_Task to complete_. With pictures excluded, copy word for word the lines in the data below from the line containing "Fandoms You Shouldn’t" through the line containing "Beautiful red rose".

_Dataset records_.

# # # # #

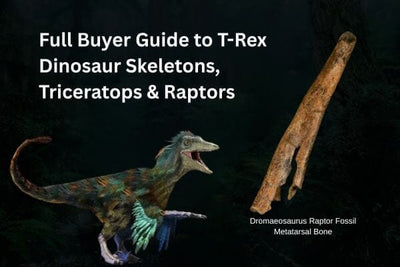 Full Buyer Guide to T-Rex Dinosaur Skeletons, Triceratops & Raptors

# # # # #

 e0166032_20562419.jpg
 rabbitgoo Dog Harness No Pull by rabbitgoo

# # # # #

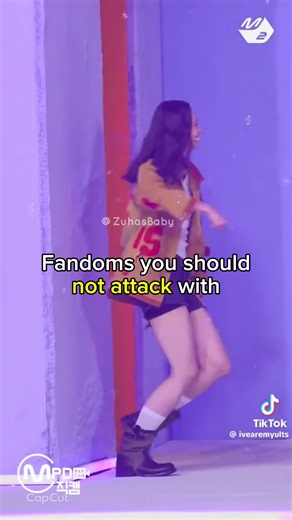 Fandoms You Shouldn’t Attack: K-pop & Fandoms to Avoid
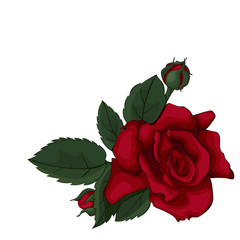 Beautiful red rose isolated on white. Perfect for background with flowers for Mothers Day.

# # # # #

_Task answer_.
 Fandoms You Shouldn’t Attack: K-pop & Fandoms to Avoid
 Beautiful red rose isolated on white. Perfect for background with flowers for Mothers Day.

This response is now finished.